Datto Block Driver (Linux Kernel Module / Driver)

The Datto Block Driver (dattobd) solves the above problems and brings functionality similar to VSS on Windows to a broad range of Linux kernels. Dattobd is an open source Linux kernel module for point-in-time live snapshotting. Dattobd can be loaded onto a running Linux machine (without a reboot) and creates a COW file on the original volume representing any block device at the instant the snapshot is taken. After the first snapshot, the driver tracks incremental changes to the block device and therefore can be used to efficiently update existing backups by copying only the blocks that have changed. Dattobd is a true live-snapshotting system that will leave your root volume running and available, without requiring a reboot.

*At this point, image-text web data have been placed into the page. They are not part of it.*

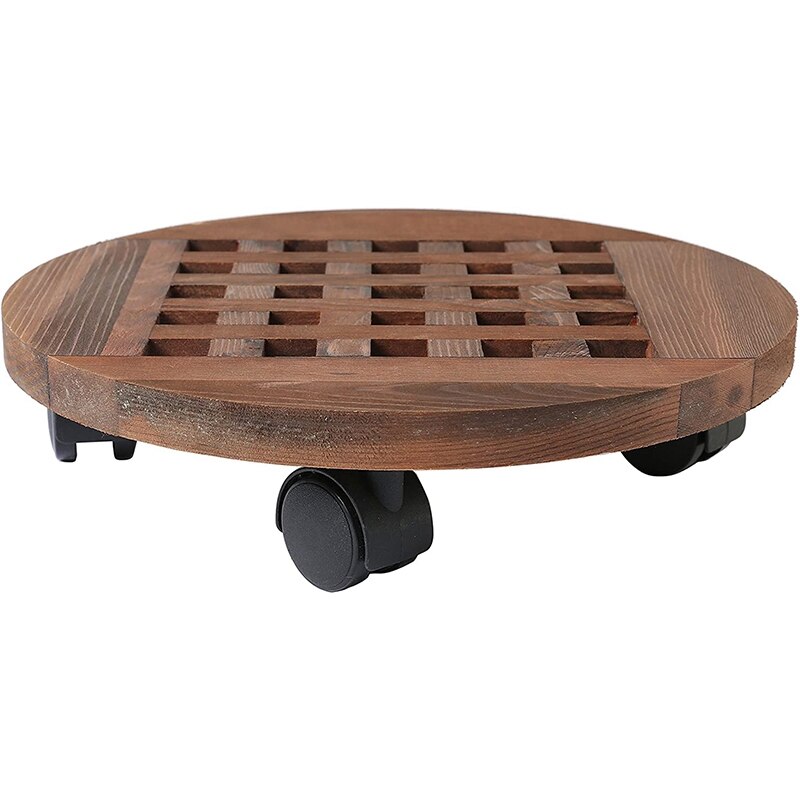 25cm Wood Flower Pot Removable Tray Plant Holder Stand Base with Wheels Planter Flowers Pot Mover Trolley Plate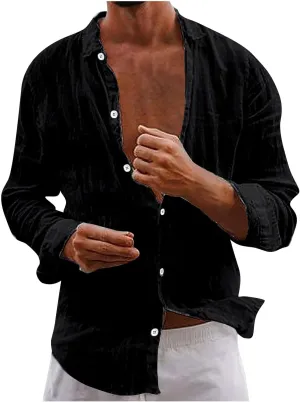 Cotton Linen Shirts for Men Casual Long Sleeve Solid Color Collared Tops Vintage Loose Fit Button Down Shirts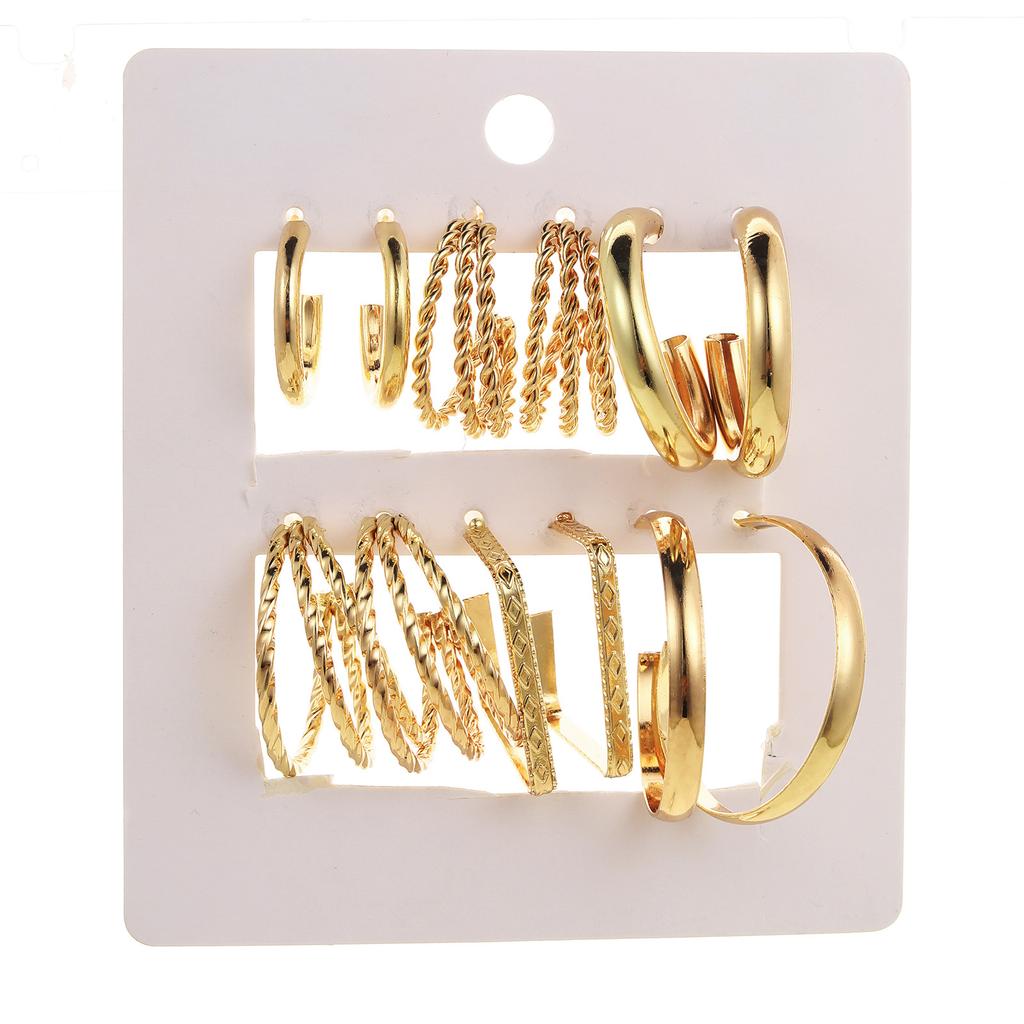 6 Pairs Women Earrings Set Luxury Geometric C-shaped Circle Earrings For Jewelry Gifts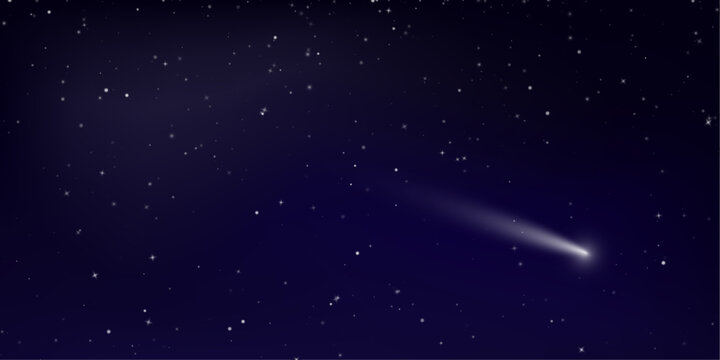 Night universe background with glowing stars and colorful galaxy fragments. Cosmic atmosphere perfect for fantasy designs. PNG format.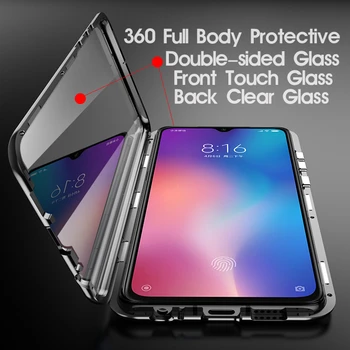 Două Fețe Magnetice Caz de Metal Pentru Xiaomi Redmi Nota 9 9 8 8T 7 9A 9C K20 10 Ultra 9T CC9 Pro POCO X3 NFC F2 Pro Capac de Sticlă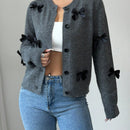Essnce cardigan de cuello redondo a la moda con punos de lazo de punto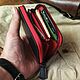 Кошелек на круговой молнии Mini Zipper Red in Black. Кошельки. ART HOUSE - кожевенная мастерская. Ярмарка Мастеров.  Фото №6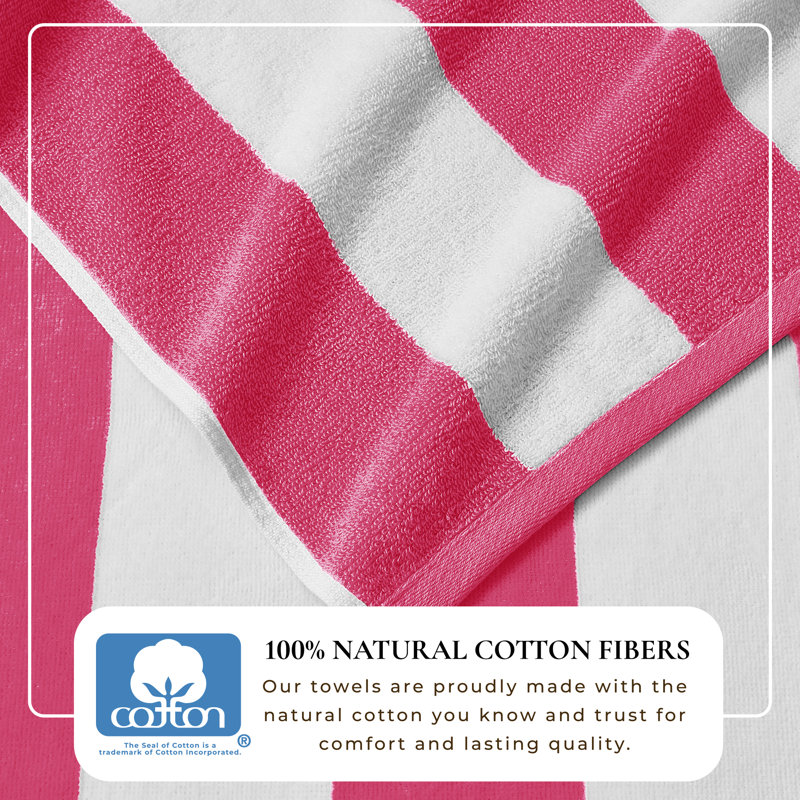 Serviettes de plage 100% coton absorbant et à séchage rapide Cabana, Serviette de plage une pièce, Rose vif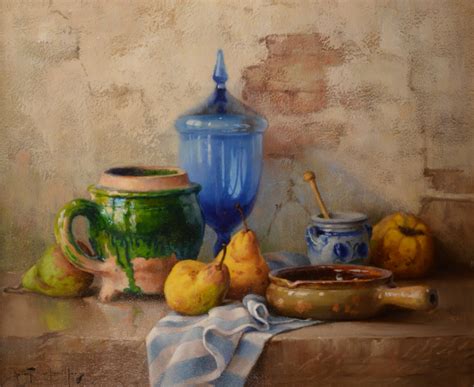 Robert Chailloux Oil Painting Still Life Blue Vase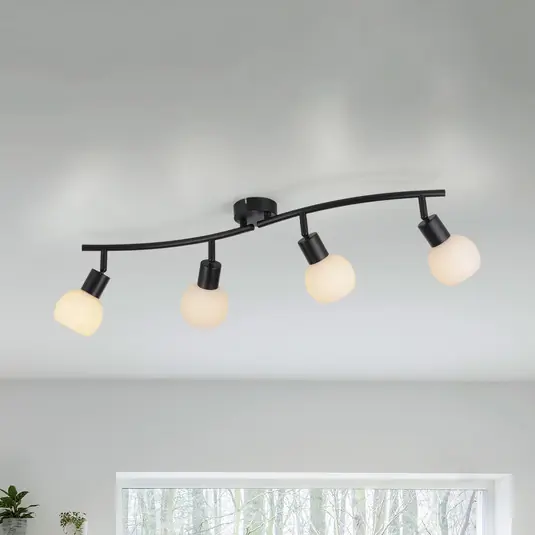 Ajánlat JUST LIGHT. Loki mennyezeti lámpa, 4-lámpás, fekete, vas, üveg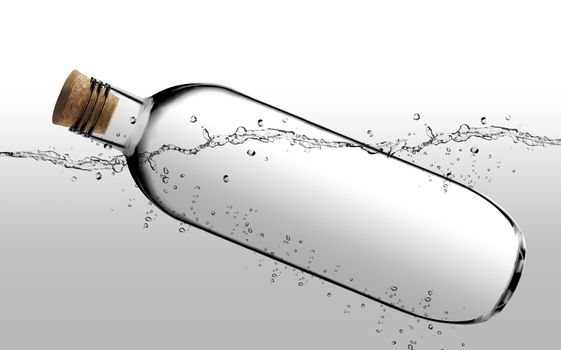 empty Glass bottle with cork floating.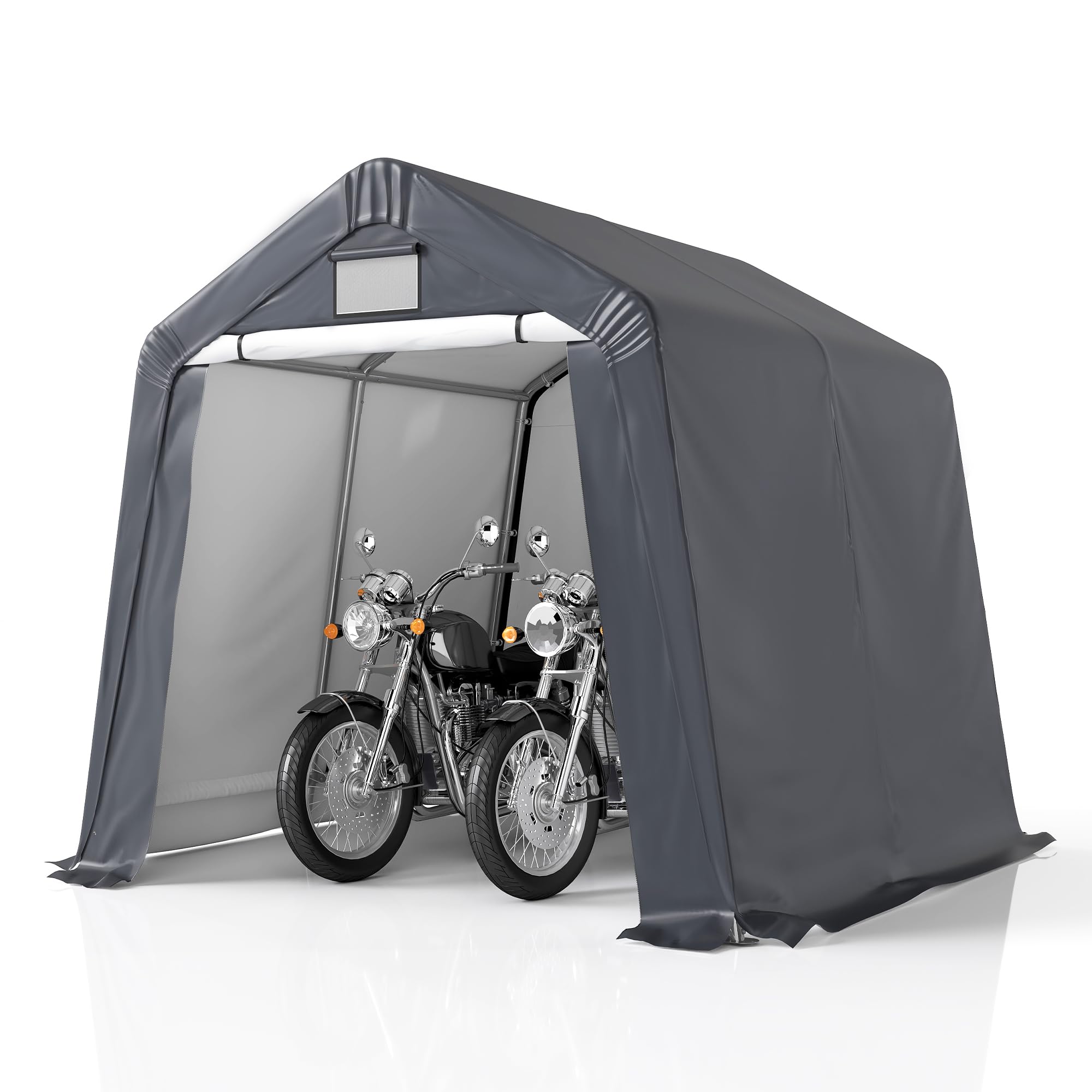 GARTOO 8' x 8' Outdoor Storage Shelter Shed- Heavy Duty Storage Tent with Roll-up Ventilated Windows, Portable Garage Zipper Storage shed for Bike, ATV, Motorcycle Shelter, Gray
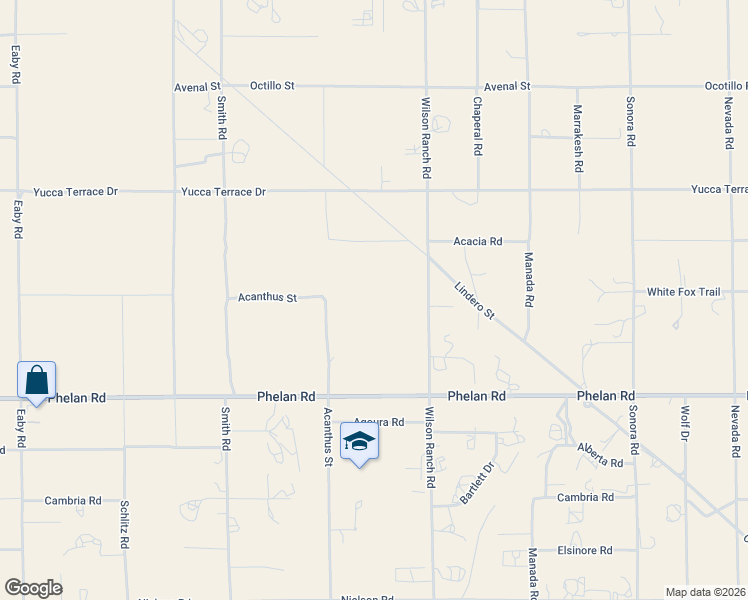 map of restaurants, bars, coffee shops, grocery stores, and more near 9828 Wilson Ranch Road in Phelan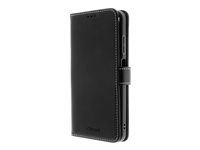 Insmat Exclusive - Flipomslag til mobiltelefon - polyurethan, læder, bomuld, termoplastisk polyuretan (TPU), pap+papir - sort - for Nokia G42 5G 650-3171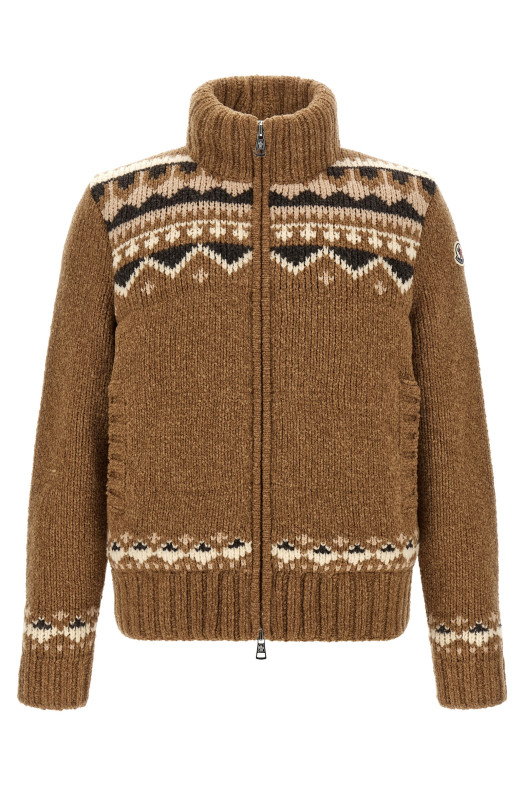 Geometric bouclé cardigan Brown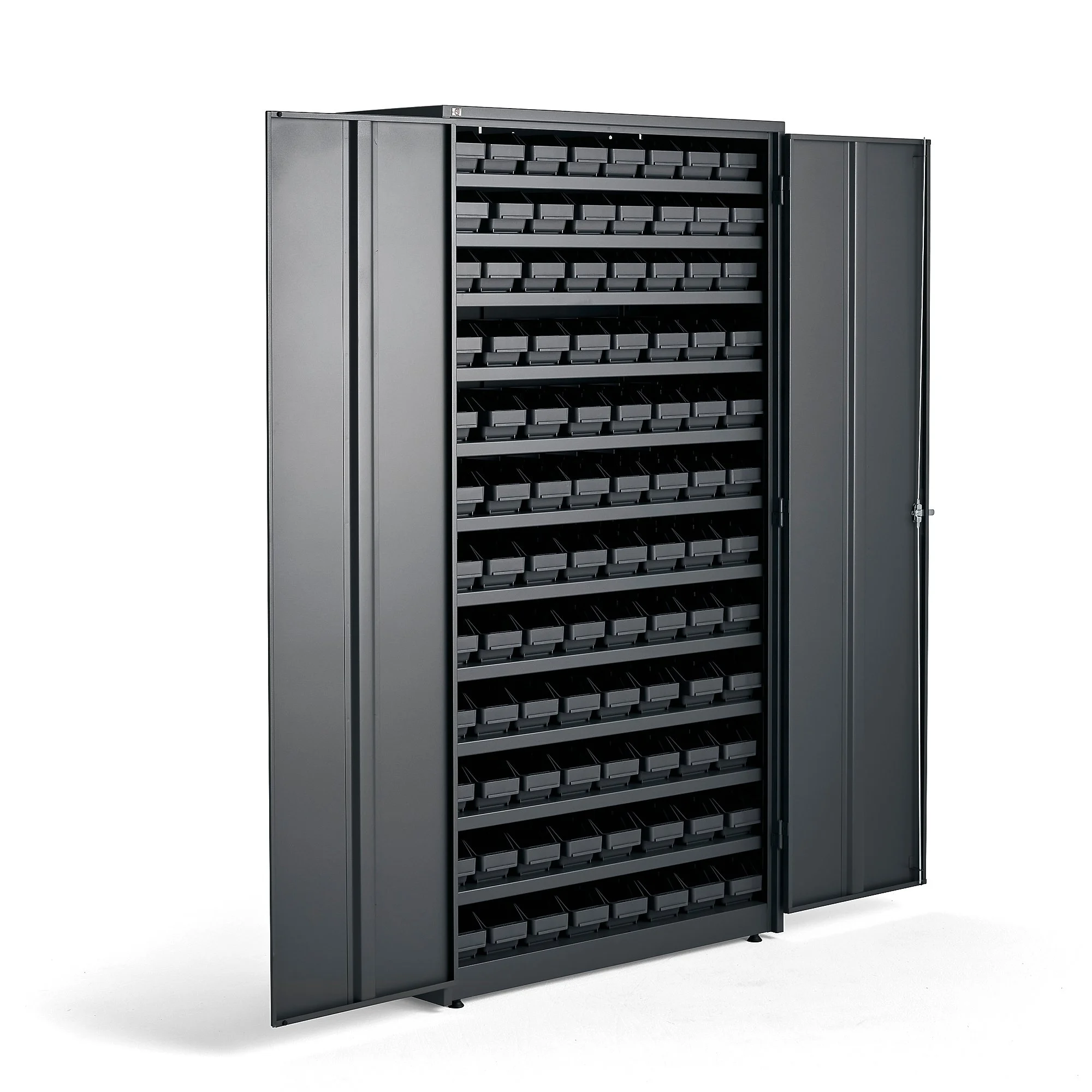 Magazinschrank mit 96 Sichtlagerkästen, 1900 x 1020 x 500 mm
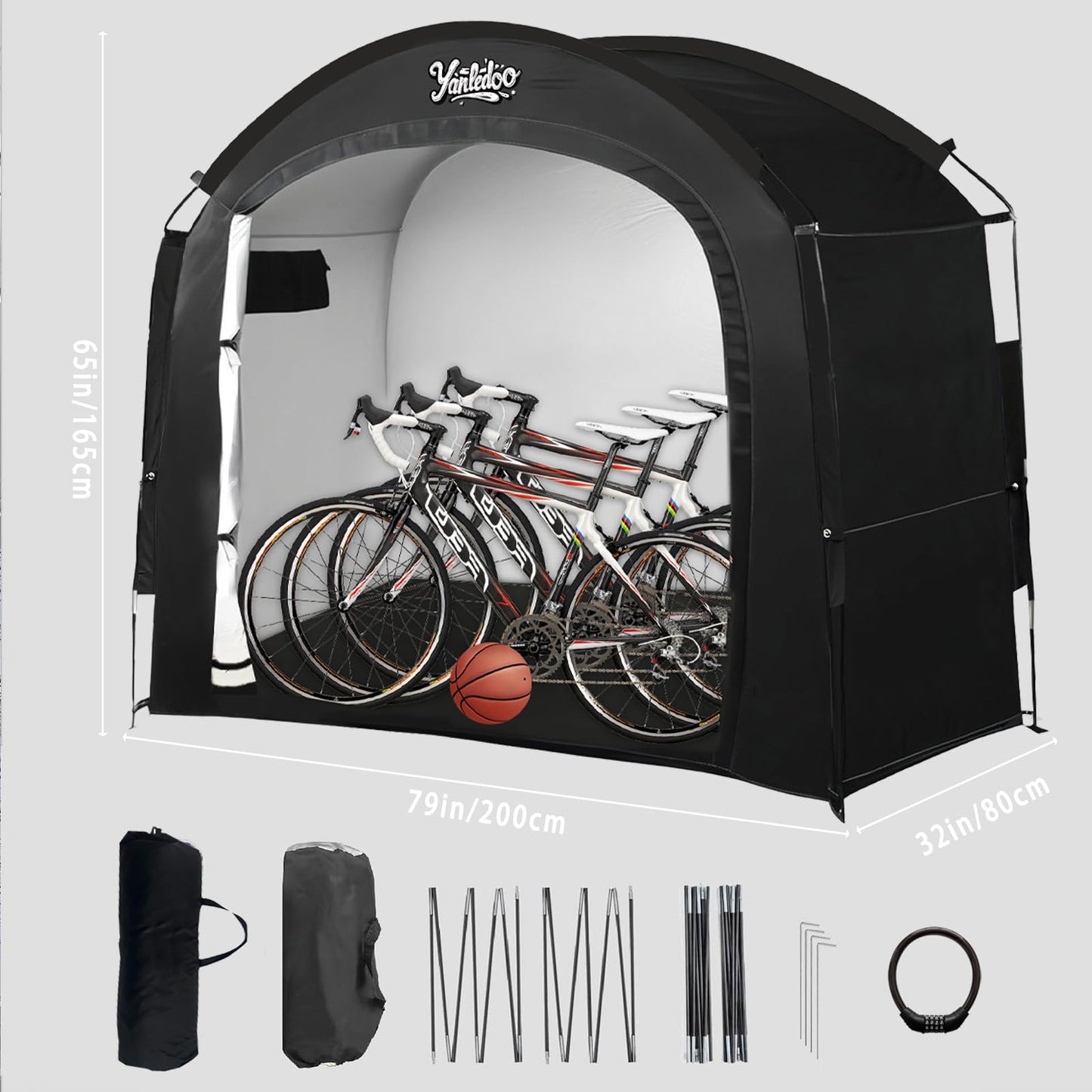 Yanledoo Bike Storage Tent, Outdoor Shed with Thick Waterproof Fabric, 30% More Top Space, Fits 2/3/4/5 Bikes or Tricycles, Easy Setup, Portable Cover for Garden Tools & Motorcycles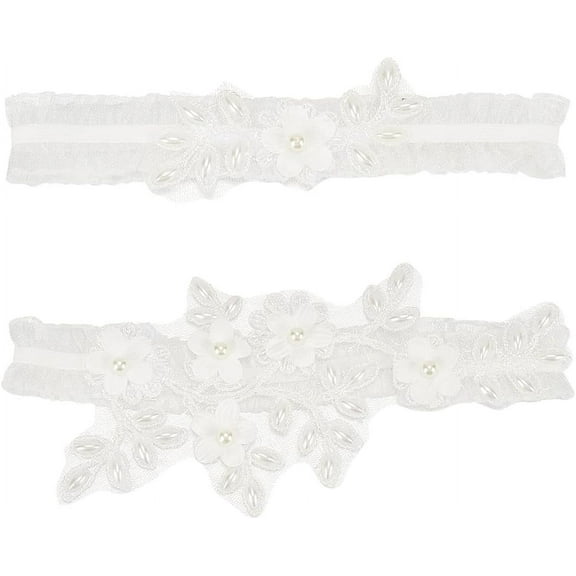 Wedding Garter for BrideBridal Garter Set Stretchy Lace Leg Garter with Flower Floral White Garter for Bride White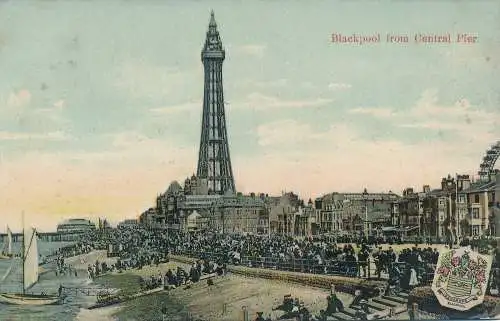 PC68157 Blackpool vom Central Pier. Milton Glasur. 1906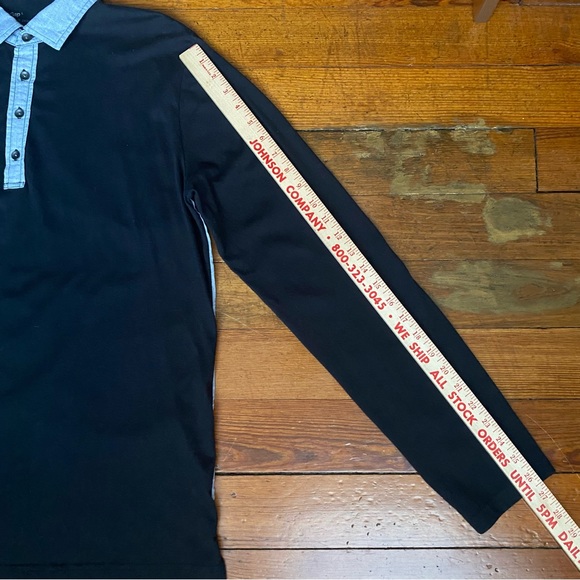 Men’s Gap slim fit long sleeve polo black with blue collar quarter button Large - Picture 9 of 13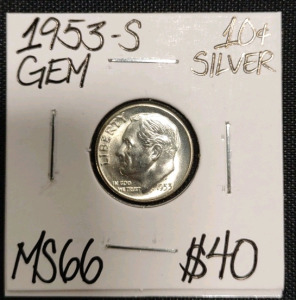 1953-S MS66 Gem Silver Roosevelt Dime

Dattobd is designed to run on any linux device from small test virtual machines to live production servers with minimal impact on I/O or CPU performance. Since the driver works at the block layer, it supports most common filesystems including ext 2,3 and 4 and xfs (although filesystems with their own block device management systems such as ZFS and BTRFS can not be supported). All COW data is tracked in a file on the source block device itself, eliminating the need to have a spare volume in order to snapshot.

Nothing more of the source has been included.